They were friends, companions, painters-in-arms committed to what was, at the start of the 20th century, the newest and most provoking form of art. Braque was just the younger, but there was little assumption of seniority by the other. They were co-adventurers, co-discoverers; they painted side by side, often the same subject, and their work was at times almost indistinguishable. The world was young, and their painting lives lay ahead of them.

You have to feel sorry for Othon Friesz, Braque’s fellow Le Havrean and loyal confederate in Fauvism, his proto-Picasso. While Braque moved on with his new Spanish friend to make the greatest breakthrough in Western art for several centuries, and Cubism relegated Fauvism to a jaunty memory, Friesz had to get on with the rest of his life and the rest of his career. Strangely, the two painters had their first joint show – a posthumous one – only last summer, at the Musée de Lodève. It proved a display of unintentional cruelty. The most compelling Fauve paintings were all by Braque; but while this was just a stage in his development (though a fondly remembered one – fifty years later he bought back his own The Little Bay at La Ciotat), it turned out to be what Friesz did best. Afterwards, he wandered his way through various styles inclining more and more to the empty magniloquent gesture – a painter shouting not to be forgotten.

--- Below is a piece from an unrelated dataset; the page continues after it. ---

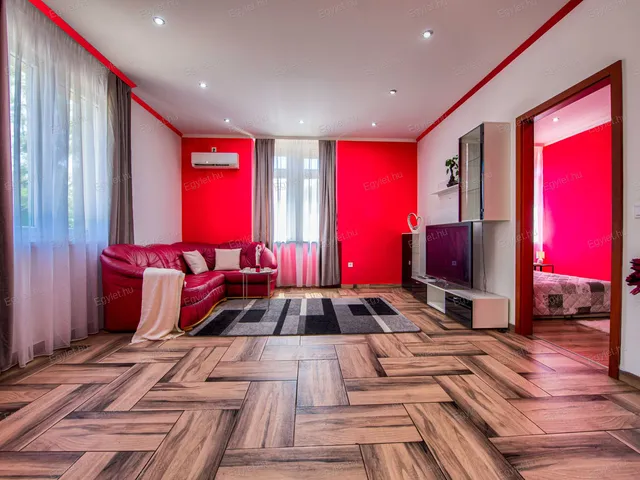 Eladó ház Budapest XVIII. kerület, Bókaytelep 175 nm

Fauvism lasted only 4 or 5 years before most of the artists finally broke with the figurative tradition in painting and embraced cubism. But those brief heady years produced wonderful works of art. This painting by André Derain demonstrates the Fauvist ethos perfectly:
André Derain, Charing Cross Bridge, 1906
This is Charing Cross Bridge, painted in 1906 by André Derain. In fact the second article I want to mention is about Derain and his London paintings, the subject of an exhibition on display at the Courtauld Institute until January 22nd, “André Derain: The London Paintings.” Derain painted London in vibrant colors at the behest of art dealer Ambroise Vollard, who was hoping for a sensation similar to Claude Monet’s exhibition of London painting in 1904. While Vollard never staged a show of Derain’s paintings, he certainly dismantled much of Monet’s legacy.

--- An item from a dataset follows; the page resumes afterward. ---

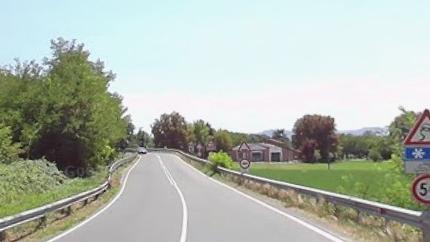 Investe un ciclista e poi scappa. I famigliari: «Aiutateci a trovare quel suv»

Despite his awareness of the 19th-century avant-garde, Derain was heading for a new world without links to the century-old tradition of European art. In one of his last masterpieces, “Effects of Sunlight on Water,” dark blue masses, intended as clouds, stand out against a sky veering from intense red to yellowish ochre. An ill-defined green haze rises from the edge of a narrow blue strip that purports to depict a brook and its vegetation. In a letter to the Fauve painter Maurice de Vlaminck, Derain wrote that “Turner authorized us to create forms beyond real, conventional objects.” The influence of Turner is not in doubt, nor the abyss that separates the elaborate harmony of his most abstract works from the stridency of Derain’s Fauve art.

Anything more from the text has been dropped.